* _EXERCISE DETAILS_: Each word in the data below should be copied exactly; the images should not.

* _DATA SECTION_:
━━━━━━
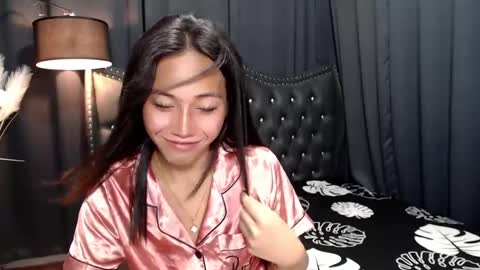 Snapshot of sweetiie_caren chatting on 03-05-25, 02:01 CAREN online show from 03-05-25, 02:01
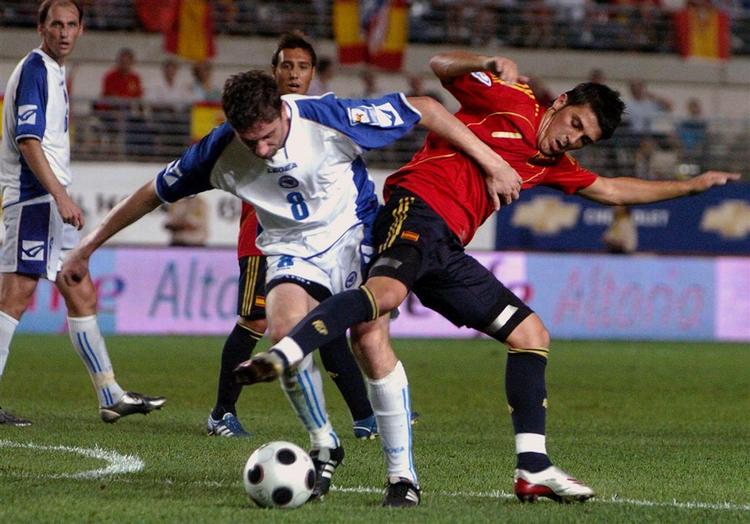 David Villa (th) blev Spaniens matchvinder i en smal 1-0-sejr mod Bosnien-Hercegovina. 
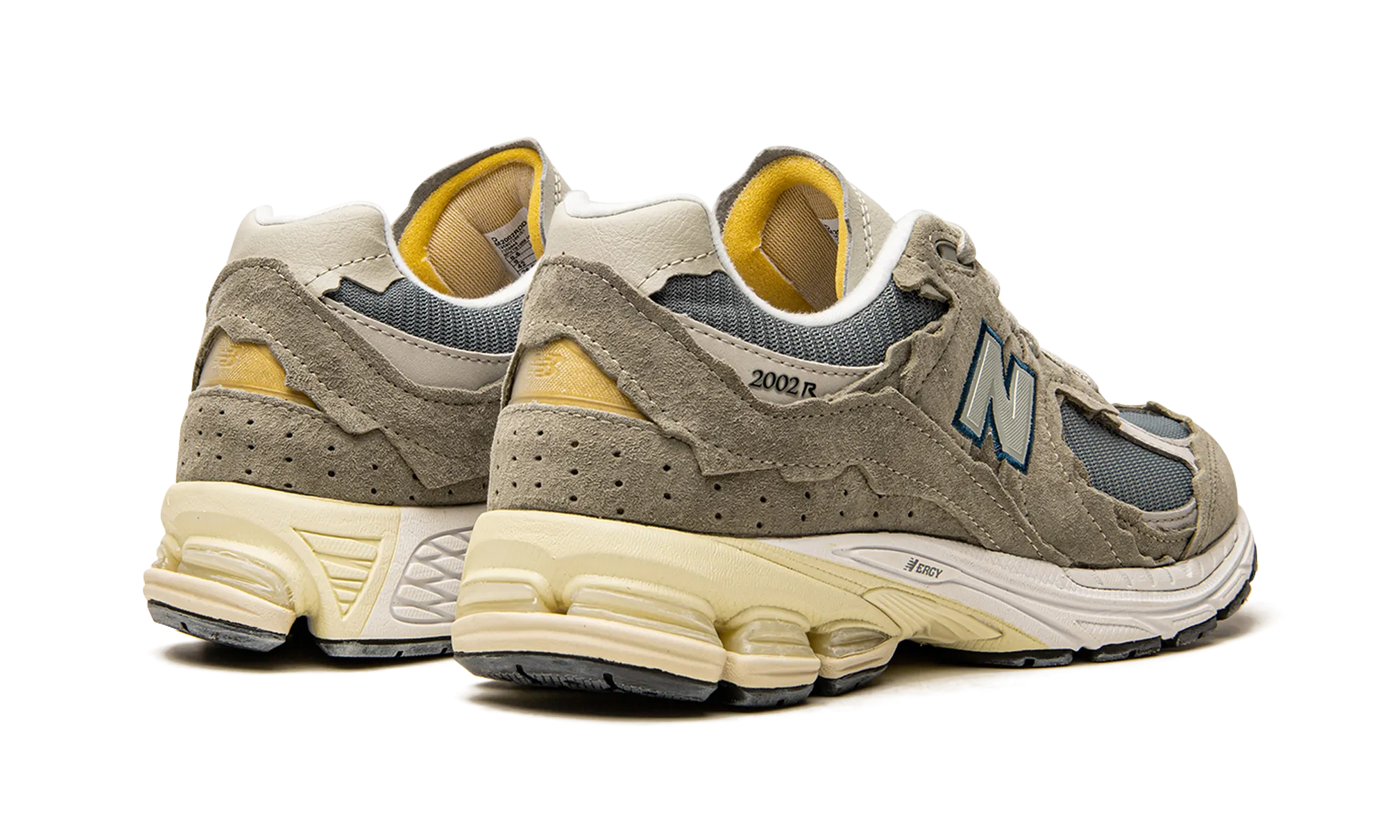 running in a tram station area shoes 2002R "Protection Pack - Mirage Grey"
━━━━━━
* _RESPONSE_:
 Snapshot of sweetiie_caren chatting on 03-05-25, 02:01 CAREN online show from 03-05-25, 02:01
 David Villa (th) blev Spaniens matchvinder i en smal 1-0-sejr mod Bosnien-Hercegovina. 
 running in a tram station area shoes 2002R "Protection Pack - Mirage Grey"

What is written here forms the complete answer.